> _Exercise aim_
Begin at the line containing "Baserritarrentzat hamaiketakoa astelehenean, San" and give again every line to the end of the records, exactly, without the pictures.

[Short descriptive text snippets]
**********

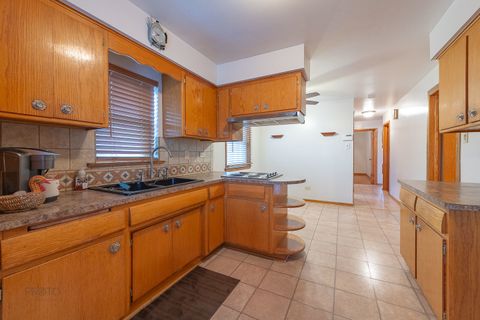 Tiny photo for 3908 W 76th Place, Chicago, IL 60652 (MLS # 12591316)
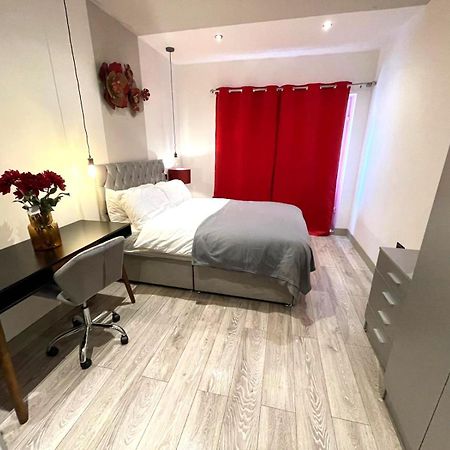 Letzi Premium Cozy Retreat Private En-Suite Rooms, Wembley Londra Esterno foto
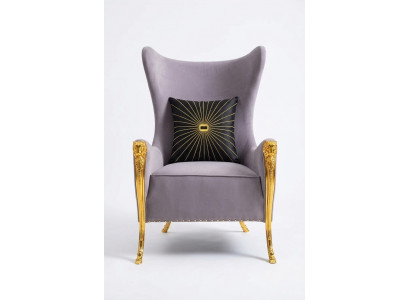 Luxe fauteuil met decoratieve elementen en vergulde poten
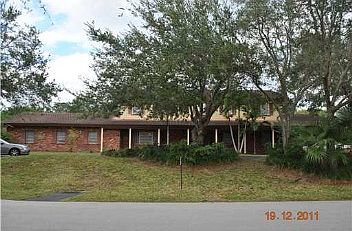 1st image of 5881 Jasmine Ln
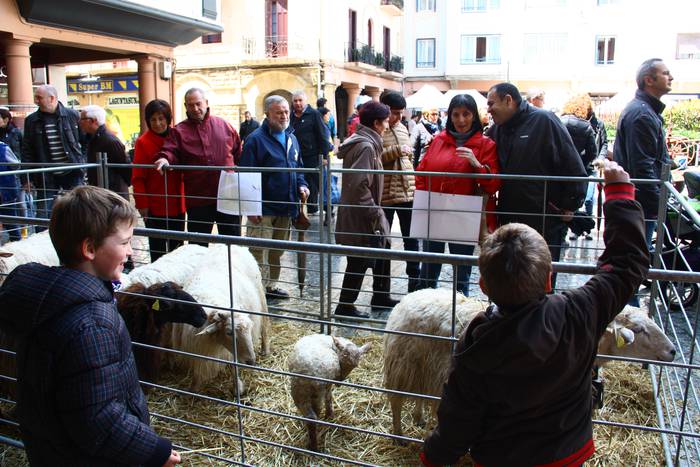 Baserritarrentzat hamaiketakoa astelehenean, San Isidro Egunez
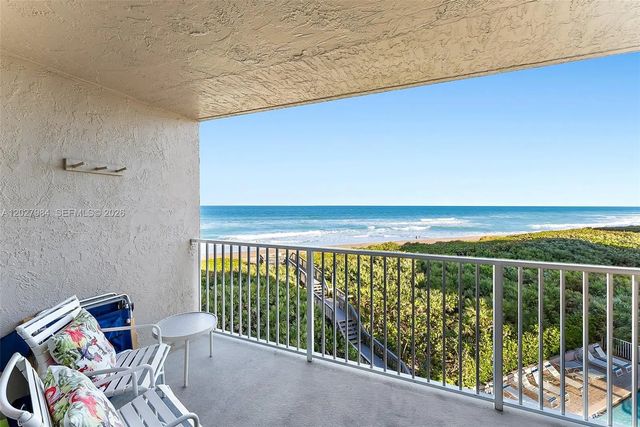 3 of 35 - 429 Ne Tradewind Lane #305, Hutchinson Island, FL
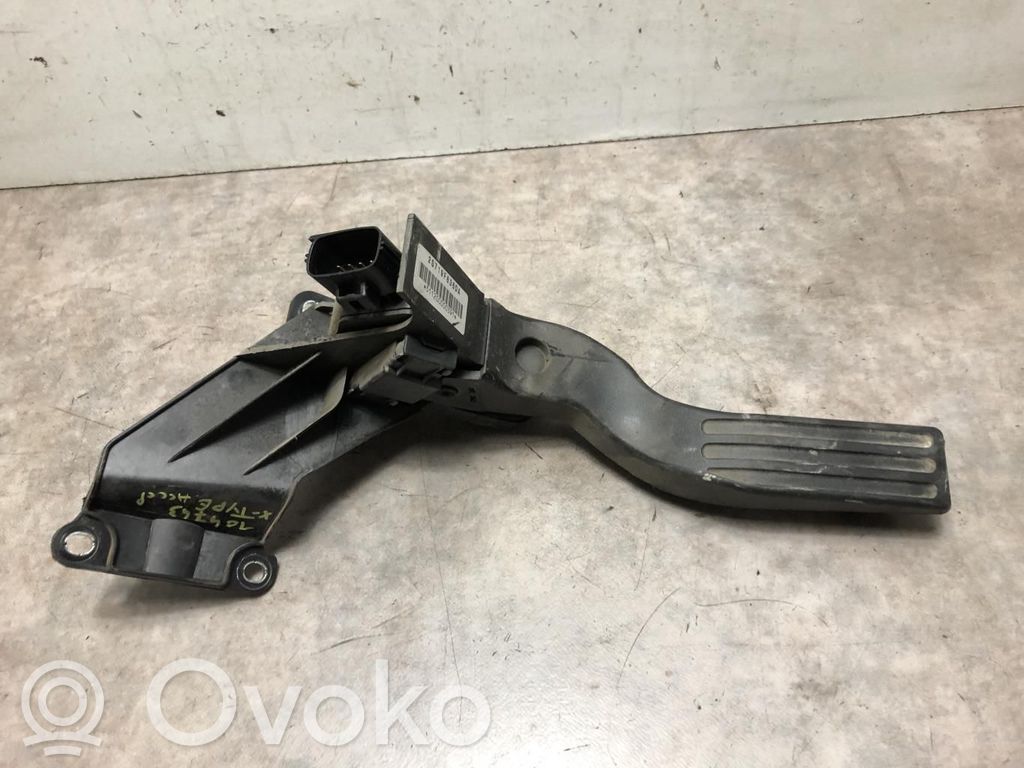 Sensor de posición del pedal del acelerador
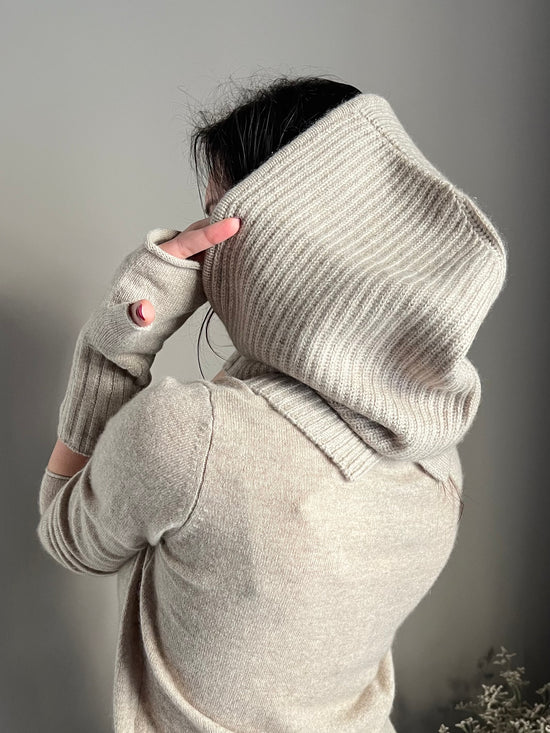 Cappuccio/Balaclava beige in cashmere
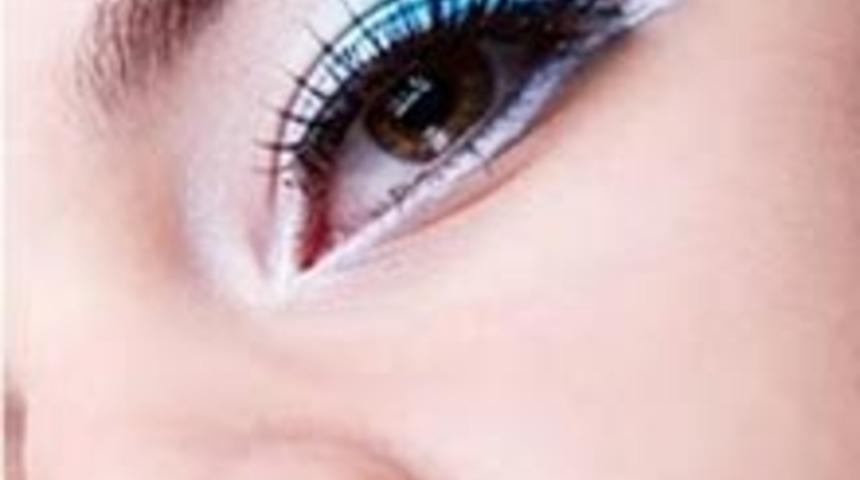 Mavi-Beyaz Yaz Makyajı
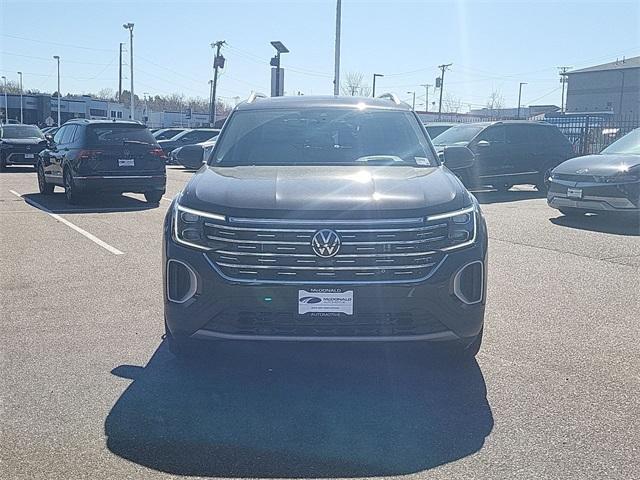 new 2025 Volkswagen Atlas car, priced at $46,277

**********

> _Response box_
 Baserritarrentzat hamaiketakoa astelehenean, San Isidro Egunez
 3 of 35 - 429 Ne Tradewind Lane #305, Hutchinson Island, FL
 Sensor de posición del pedal del acelerador
 Cappuccio/Balaclava beige in cashmere
 Mavi-Beyaz Yaz Makyajı
 new 2025 Volkswagen Atlas car, priced at $46,277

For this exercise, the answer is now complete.